I've used arborcoat solid acrylic on bare new wood and previously stained wood with fantastic results. I personally like it.


----------



## finishesbykevyn (Apr 14, 2010)

What s on the Cedar shingles now? Are they bare? or previously stained? I think it's a sin to put a solid on cedar. Just asking for problems down the road. IMO.I would put a semi transparent on them..


----------



## detailssls (May 23, 2018)

There was/is Cabot's bleaching oil on them that did not come off with washing, unfortunately. I agree. My initial plan was to semi trans the shingles but oil didn't come off, so we're going with our plan b which is one coat california troubleshooter and two coats of arborcoat.


----------



## NACE (May 16, 2008)

detailssls said:


> So, my BM guy said that Floetrol is compatible with BM it's just that they want to sell their own extender. However, thank you guys so much for the information. I"ve been painting professionally for five years with the same contractor. I've learned a lot and I'm a knowledge hound. I just joined PT, because I got my first own exterior job. Huge. 60ft articulating lift. Deep pocketed clients (not that I would ever take advantage.), but it allows me at least 10 gallons of troubleshooter oil, 12 gallons of aura and 10 gallons of Loxon, and whatever solid stain I go with. I asked about your favorite exterior stain, because I painted the exterior of a BM executive a couple of years ago, and even HE said Arborcoat was crap and wouldn't use it on his own house!
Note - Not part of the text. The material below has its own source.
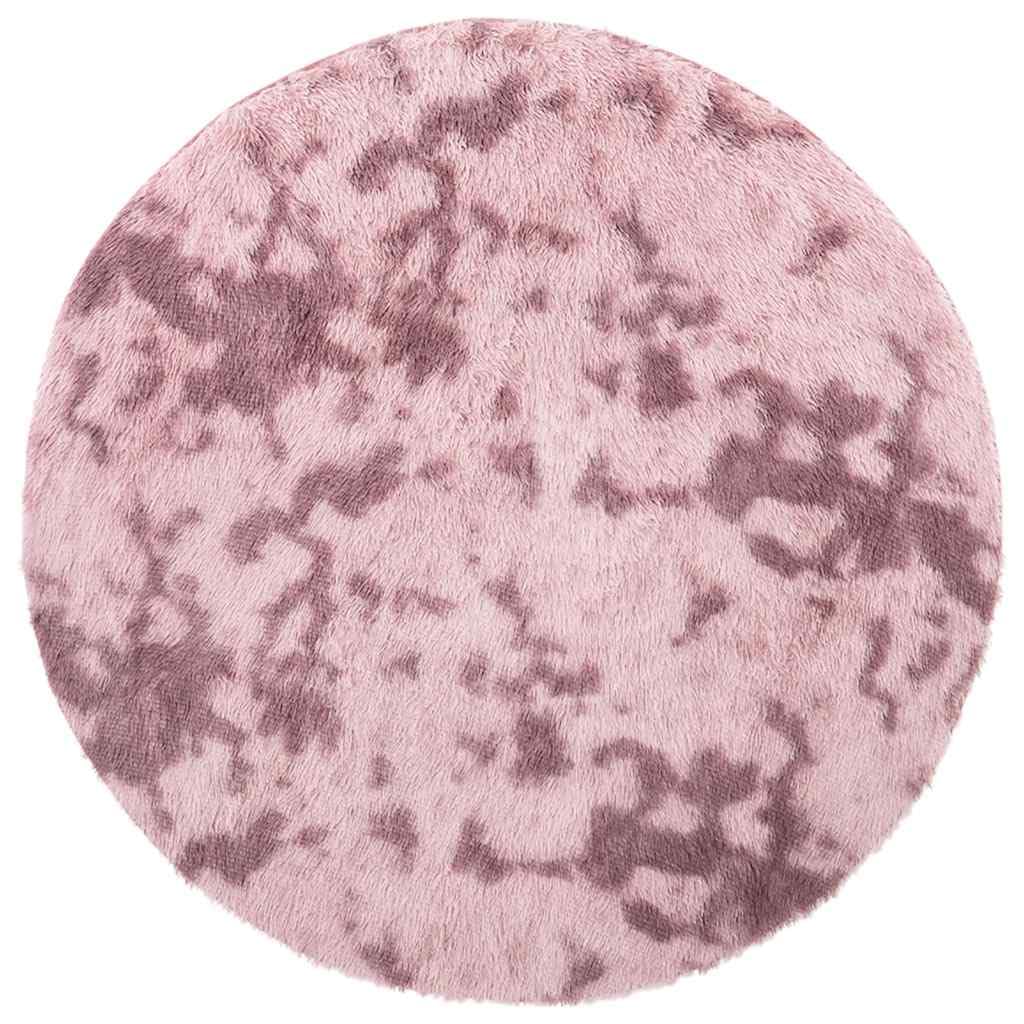 Tapis Shaggy Rond Rose Poudré NAVARRA 100x100 cm | Tapis de Salon Confortable en Polyester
But it's a BM color that I need, so I may go with it anyway.
> 
> Again, thank you so much for the most helpful info about the Hardie Board.
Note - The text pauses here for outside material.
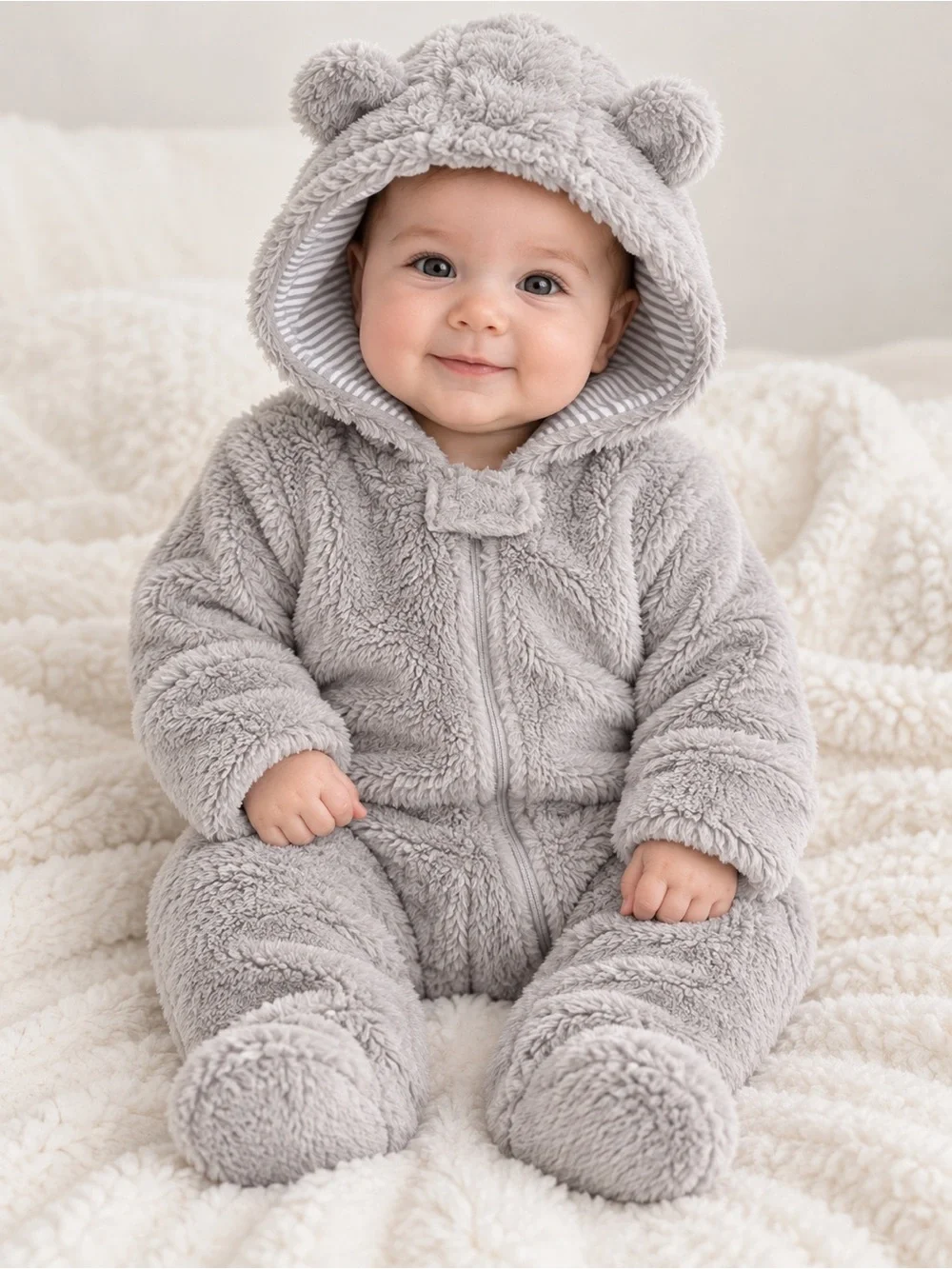 🆕 Carter’s Baby Teddy Fleece Bear Ear Hooded Bunting NWT NB 3M 9M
Is that executive still working for BM? I’ve sold and used tons of Arborcoat and only had a flashing issue once with a dark color on the flat 610. The extender is a cocktail of the propriety resin used in Aura and water. It strengthens the film and extends the open time. The chemist that developed it is a customer of ours. It’s 0 VOC and compliant. I believe floetrol contains glycol, old technology, and would add VOC and would challenge the compatibility of Gennex Coatings.


----------



## cocomonkeynuts (Apr 14, 2017)

NACE said:


> Is that executive still working for BM? I’ve sold and used tons of Arborcoat and only had a flashing issue once with a dark color on the flat 610. The extender is a cocktail of the propriety resin used in Aura and water. It strengthens the film and extends the open time. The chemist that developed it is a customer of ours. It’s 0 VOC and compliant. I believe floetrol contains glycol, old technology, and would add VOC and would challenge the compatibility of Gennex Coatings.



Not surprisingly the 2018 MSDS contains basically no information. Here is an older MSDS I found. Checking a bottle it also contains BPA: 



https://images.homedepot-static.com/catalog/pdfImages/5d/5d147555-1bc3-4740-a01d-9d11b6f0686d.pdf


----------